McGregor and the Lost Tribe is an 87,000-word historical novel being dictated to a young minister. The speaker is a Scot from the cursed MacGregor Clan. The narrative explores what would have happened if ONE of the tribes of the Southeast had been able to escape The Trail of Tears? When a young Scot is chased through the hills of Scotland and then across the ocean, he leads the British army on a fox-and-hound chase from Savannah, across Georgia, and over to the ravines of Alabama. Here Levi Philip McGregor gets bagpipe music from a pig and wins sanctuary from the authorities. When Andy Jackson's government wishes to steal the land of the Creeks, Cherokees, Choctaws, Chickasaws, and Seminoles, it takes someone as sneaky as McGregor to even the odds.

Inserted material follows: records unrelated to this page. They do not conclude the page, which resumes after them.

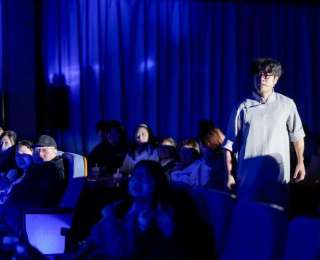 紅色舞臺劇《風云武漢》走進校園，沉浸式思政課堂點燃青春信仰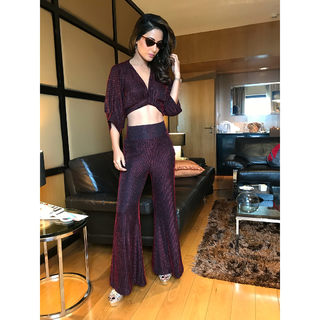 Hina Khan feet photo thumbnail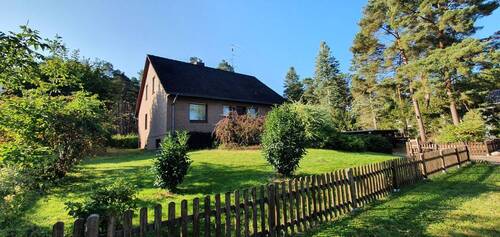 Frontansicht - Sehr geräumig - mit Waldzugang - Sackgassenlage - 1, 2 oder 3 Einheiten? Sie entscheiden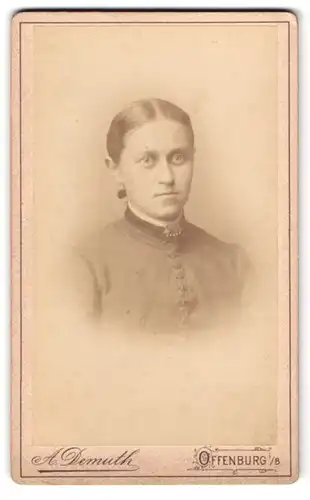 Fotografie A. Demuth, Offenburg, junge bürgerliche Dame mit geweiteten Augen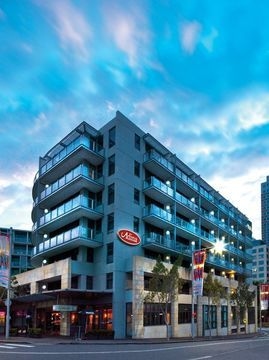 Adina Harbourside0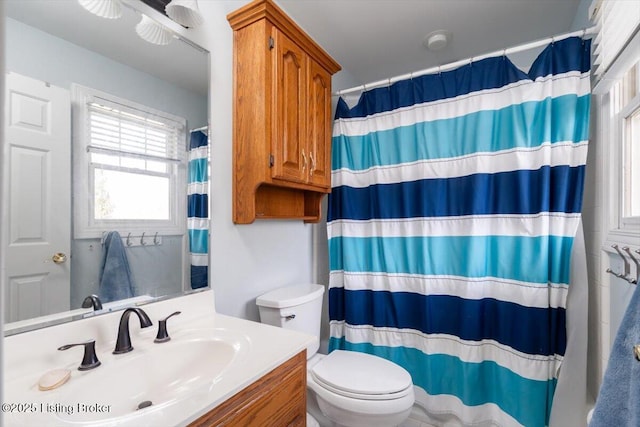 full bathroom with a shower with shower curtain, vanity, and toilet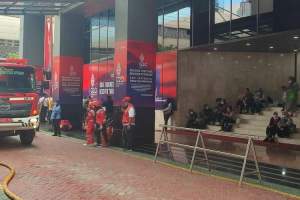Sejumlah karyawan di Gedung Kemenkumham berhamburan keluar usai dievakuasi petugas damkar, Kamis (8/12/2022).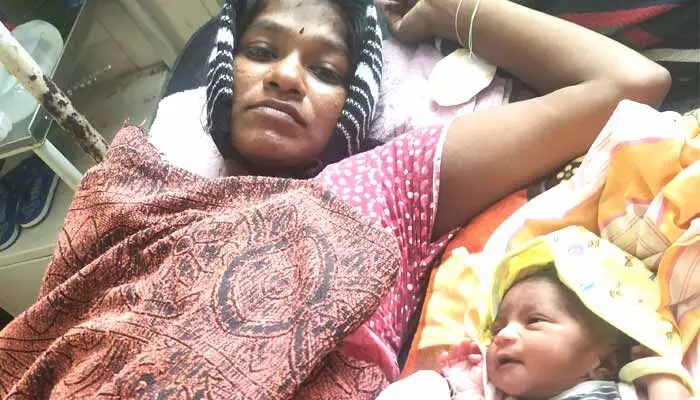 Area Hospital : పేరుకు వంద పడకల ఆస్పత్రి...డెలివరీకి సౌకర్యాలు కరువు Area Hospital : పేరుకు వంద పడకల ఆస్పత్రి...డెలివరీకి సౌకర్యాలు కరువు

Synopsis for potential translator:
The Scots came to America and frequently intermarried into various tribes of Native Americans. McGregor and the Lost Tribe is the story of a Muskogee tribe that gives refuge to the trickster Levi Philip McGregor. It outlines the assaults on the tribe and McGregor’s tricks that protect the tribe. The story asks “what if?” What would have happened if one tribe could have tricked Washington and kept from being expelled from Alabama in the early 1800s?
The small, devious McGregor, who is sixteen to eighteen, had begun running for his life as a twelve-year-old in Scotland when the English soldiers were trying to kill the McGregor males in his region. Using his wit and his story-telling ability, the boy survives despite his club-foot. He admired the story-telling ability of his late father and the even greater bardic skills of Alistair McAlister. McGregor affects dialects and hones his own skills so that he can imitate an English gentleman, a Cockney, an Irishman, or others.
Genre: FICTION / Action & AdventureModest.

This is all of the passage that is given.